BEGIN MATERIAL FOR THE TASK
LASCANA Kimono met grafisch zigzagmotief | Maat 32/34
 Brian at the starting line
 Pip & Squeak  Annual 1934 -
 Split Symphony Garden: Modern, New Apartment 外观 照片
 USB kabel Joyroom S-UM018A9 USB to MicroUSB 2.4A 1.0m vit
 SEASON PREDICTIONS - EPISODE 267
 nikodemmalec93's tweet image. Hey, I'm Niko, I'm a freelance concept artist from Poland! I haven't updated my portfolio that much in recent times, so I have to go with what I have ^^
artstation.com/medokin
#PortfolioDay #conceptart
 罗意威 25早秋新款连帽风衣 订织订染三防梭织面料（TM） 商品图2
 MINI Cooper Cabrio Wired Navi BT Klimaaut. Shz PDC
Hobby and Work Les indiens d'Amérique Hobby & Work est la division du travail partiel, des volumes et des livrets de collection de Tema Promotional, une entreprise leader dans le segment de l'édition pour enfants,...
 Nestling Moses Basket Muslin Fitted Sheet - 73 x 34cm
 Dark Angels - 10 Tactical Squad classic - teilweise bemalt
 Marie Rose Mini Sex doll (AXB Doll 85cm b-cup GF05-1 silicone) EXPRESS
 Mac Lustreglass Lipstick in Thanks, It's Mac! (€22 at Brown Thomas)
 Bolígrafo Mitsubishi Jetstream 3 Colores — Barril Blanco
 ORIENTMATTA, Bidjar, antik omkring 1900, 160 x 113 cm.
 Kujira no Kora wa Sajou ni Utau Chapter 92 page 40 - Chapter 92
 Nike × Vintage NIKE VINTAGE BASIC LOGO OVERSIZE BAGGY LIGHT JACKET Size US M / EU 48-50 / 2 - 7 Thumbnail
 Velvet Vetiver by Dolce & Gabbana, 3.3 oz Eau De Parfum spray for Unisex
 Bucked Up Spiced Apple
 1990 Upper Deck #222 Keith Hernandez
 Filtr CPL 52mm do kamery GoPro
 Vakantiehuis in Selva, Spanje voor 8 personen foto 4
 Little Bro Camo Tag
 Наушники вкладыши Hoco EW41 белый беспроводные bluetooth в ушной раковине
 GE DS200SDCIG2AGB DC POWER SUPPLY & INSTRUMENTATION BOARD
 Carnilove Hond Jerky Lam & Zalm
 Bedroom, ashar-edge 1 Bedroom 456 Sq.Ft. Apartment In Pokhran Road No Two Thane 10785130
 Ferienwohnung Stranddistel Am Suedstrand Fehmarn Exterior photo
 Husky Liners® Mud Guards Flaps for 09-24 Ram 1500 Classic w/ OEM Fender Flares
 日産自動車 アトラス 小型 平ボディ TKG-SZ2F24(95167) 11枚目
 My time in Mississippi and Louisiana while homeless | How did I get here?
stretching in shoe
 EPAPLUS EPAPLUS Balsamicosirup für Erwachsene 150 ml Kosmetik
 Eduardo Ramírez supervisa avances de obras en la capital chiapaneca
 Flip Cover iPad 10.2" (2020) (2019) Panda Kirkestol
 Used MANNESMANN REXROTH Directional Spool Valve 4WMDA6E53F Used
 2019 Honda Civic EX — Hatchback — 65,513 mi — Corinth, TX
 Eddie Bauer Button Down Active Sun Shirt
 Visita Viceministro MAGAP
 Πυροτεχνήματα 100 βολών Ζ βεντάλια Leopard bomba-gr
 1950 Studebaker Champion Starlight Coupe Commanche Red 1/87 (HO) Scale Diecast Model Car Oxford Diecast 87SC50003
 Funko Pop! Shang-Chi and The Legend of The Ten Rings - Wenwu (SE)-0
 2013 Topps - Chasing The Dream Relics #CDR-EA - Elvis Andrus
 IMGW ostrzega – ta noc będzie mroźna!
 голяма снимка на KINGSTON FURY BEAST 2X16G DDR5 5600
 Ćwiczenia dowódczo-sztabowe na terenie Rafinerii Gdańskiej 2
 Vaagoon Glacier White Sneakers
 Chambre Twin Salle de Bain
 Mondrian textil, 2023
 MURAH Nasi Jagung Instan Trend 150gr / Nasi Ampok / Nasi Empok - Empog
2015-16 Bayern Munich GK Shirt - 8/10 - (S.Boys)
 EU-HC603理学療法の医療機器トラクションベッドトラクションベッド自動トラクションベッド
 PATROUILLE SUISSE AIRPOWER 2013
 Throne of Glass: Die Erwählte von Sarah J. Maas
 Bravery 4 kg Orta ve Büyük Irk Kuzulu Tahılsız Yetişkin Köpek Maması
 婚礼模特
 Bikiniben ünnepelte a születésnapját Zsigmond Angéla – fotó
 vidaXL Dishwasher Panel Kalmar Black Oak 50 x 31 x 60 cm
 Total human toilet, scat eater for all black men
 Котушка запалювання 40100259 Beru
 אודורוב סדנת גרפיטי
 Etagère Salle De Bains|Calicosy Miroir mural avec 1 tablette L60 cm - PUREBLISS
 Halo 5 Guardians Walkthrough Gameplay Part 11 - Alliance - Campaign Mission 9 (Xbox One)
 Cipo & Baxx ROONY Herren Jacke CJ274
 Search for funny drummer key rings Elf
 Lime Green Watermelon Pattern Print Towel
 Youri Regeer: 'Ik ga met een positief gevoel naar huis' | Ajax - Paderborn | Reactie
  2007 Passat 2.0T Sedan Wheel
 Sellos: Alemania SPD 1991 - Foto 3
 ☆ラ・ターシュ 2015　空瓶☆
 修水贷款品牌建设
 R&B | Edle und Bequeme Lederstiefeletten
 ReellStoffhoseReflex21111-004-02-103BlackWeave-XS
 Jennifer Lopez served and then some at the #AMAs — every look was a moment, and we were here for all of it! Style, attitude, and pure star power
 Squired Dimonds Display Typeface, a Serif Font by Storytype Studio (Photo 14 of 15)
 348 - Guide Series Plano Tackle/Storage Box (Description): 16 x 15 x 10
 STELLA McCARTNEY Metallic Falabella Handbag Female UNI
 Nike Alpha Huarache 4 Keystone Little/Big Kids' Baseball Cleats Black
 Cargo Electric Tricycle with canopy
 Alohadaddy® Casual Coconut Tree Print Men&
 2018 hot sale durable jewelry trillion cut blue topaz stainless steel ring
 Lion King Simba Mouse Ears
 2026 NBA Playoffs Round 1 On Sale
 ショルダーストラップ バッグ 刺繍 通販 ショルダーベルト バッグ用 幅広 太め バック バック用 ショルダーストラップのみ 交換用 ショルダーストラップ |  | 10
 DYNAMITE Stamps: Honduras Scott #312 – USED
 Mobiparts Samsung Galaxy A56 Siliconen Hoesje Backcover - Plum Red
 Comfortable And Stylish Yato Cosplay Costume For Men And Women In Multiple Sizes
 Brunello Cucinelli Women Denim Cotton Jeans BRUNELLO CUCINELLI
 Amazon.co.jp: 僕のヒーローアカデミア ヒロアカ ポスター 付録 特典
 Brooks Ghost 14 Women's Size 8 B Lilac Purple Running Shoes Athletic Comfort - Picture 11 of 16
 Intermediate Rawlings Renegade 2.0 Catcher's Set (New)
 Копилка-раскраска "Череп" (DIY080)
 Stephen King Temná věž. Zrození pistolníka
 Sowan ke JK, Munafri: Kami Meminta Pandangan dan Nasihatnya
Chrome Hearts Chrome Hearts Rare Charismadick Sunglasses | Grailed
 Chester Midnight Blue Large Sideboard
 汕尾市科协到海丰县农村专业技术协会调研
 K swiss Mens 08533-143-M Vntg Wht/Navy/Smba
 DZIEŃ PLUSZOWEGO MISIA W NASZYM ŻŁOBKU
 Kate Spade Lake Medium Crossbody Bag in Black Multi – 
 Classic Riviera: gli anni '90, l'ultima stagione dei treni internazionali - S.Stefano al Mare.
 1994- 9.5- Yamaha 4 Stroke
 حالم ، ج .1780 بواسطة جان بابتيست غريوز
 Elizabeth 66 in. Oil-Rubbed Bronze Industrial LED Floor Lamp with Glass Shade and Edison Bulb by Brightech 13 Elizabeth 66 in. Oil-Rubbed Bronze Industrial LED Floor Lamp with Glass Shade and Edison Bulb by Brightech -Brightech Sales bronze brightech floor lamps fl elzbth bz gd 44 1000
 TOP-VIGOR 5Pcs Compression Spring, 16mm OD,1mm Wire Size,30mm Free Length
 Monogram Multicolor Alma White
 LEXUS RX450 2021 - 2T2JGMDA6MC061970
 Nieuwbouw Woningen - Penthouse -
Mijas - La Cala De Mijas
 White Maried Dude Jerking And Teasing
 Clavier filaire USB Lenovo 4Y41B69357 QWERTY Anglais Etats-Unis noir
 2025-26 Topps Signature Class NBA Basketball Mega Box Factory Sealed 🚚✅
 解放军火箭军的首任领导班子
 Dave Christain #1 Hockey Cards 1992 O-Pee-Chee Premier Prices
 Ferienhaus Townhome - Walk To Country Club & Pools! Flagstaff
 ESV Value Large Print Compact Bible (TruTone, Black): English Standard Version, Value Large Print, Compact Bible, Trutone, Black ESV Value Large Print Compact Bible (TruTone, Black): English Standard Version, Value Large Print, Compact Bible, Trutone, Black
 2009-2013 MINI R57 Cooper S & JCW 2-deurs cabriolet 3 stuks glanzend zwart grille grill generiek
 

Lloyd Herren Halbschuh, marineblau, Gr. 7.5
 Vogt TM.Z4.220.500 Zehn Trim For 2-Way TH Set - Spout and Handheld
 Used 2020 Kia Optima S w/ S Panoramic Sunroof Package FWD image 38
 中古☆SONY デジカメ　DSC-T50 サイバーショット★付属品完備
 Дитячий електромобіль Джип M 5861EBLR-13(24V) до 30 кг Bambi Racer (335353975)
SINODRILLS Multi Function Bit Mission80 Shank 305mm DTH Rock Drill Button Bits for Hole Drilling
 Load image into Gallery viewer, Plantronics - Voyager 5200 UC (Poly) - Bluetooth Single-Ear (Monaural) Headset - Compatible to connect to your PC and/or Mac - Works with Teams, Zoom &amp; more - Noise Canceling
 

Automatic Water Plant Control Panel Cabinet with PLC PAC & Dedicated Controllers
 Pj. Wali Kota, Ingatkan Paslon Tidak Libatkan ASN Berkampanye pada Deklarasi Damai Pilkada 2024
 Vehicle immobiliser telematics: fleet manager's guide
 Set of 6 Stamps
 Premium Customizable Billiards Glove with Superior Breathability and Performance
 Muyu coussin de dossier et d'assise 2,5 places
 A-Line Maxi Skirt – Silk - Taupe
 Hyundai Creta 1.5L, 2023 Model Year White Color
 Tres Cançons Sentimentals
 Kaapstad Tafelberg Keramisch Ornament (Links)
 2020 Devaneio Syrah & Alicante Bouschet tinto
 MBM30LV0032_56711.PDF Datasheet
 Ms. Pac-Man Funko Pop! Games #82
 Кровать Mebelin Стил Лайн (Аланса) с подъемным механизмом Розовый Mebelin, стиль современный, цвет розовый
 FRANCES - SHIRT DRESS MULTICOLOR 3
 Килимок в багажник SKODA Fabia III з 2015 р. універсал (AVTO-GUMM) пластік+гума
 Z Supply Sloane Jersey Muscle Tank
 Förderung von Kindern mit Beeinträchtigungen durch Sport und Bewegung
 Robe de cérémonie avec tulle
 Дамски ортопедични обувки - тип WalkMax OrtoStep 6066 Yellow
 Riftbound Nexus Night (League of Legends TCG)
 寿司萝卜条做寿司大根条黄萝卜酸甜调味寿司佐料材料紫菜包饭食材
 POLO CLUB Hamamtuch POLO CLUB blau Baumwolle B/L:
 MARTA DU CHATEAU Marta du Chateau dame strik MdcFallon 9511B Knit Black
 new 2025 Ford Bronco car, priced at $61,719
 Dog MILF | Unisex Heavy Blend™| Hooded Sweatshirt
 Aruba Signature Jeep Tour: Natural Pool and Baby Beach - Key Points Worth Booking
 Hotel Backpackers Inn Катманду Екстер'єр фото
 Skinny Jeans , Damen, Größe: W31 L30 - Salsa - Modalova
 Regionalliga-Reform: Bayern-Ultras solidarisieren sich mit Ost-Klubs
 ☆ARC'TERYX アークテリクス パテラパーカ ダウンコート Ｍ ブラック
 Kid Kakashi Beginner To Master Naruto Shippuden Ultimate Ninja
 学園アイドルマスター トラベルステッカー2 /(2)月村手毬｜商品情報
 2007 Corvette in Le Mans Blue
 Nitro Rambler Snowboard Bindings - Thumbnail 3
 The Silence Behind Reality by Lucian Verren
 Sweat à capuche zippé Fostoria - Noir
END MATERIAL FOR THE TASK
### EXERCISE BRIEF
Give back exactly the lines above starting at the line where "Kujira no Kora" appears and ending at the line where "Used MANNESMANN REXROTH" appears, both included, with no other lines.

### RESPONSE BELOW
 Kujira no Kora wa Sajou ni Utau Chapter 92 page 40 - Chapter 92
 Nike × Vintage NIKE VINTAGE BASIC LOGO OVERSIZE BAGGY LIGHT JACKET Size US M / EU 48-50 / 2 - 7 Thumbnail
 Velvet Vetiver by Dolce & Gabbana, 3.3 oz Eau De Parfum spray for Unisex
 Bucked Up Spiced Apple
 1990 Upper Deck #222 Keith Hernandez
 Filtr CPL 52mm do kamery GoPro
 Vakantiehuis in Selva, Spanje voor 8 personen foto 4
 Little Bro Camo Tag
 Наушники вкладыши Hoco EW41 белый беспроводные bluetooth в ушной раковине
 GE DS200SDCIG2AGB DC POWER SUPPLY & INSTRUMENTATION BOARD
 Carnilove Hond Jerky Lam & Zalm
 Bedroom, ashar-edge 1 Bedroom 456 Sq.Ft. Apartment In Pokhran Road No Two Thane 10785130
 Ferienwohnung Stranddistel Am Suedstrand Fehmarn Exterior photo
 Husky Liners® Mud Guards Flaps for 09-24 Ram 1500 Classic w/ OEM Fender Flares
 日産自動車 アトラス 小型 平ボディ TKG-SZ2F24(95167) 11枚目
 My time in Mississippi and Louisiana while homeless | How did I get here?
stretching in shoe
 EPAPLUS EPAPLUS Balsamicosirup für Erwachsene 150 ml Kosmetik
 Eduardo Ramírez supervisa avances de obras en la capital chiapaneca
 Flip Cover iPad 10.2" (2020) (2019) Panda Kirkestol
 Used MANNESMANN REXROTH Directional Spool Valve 4WMDA6E53F Used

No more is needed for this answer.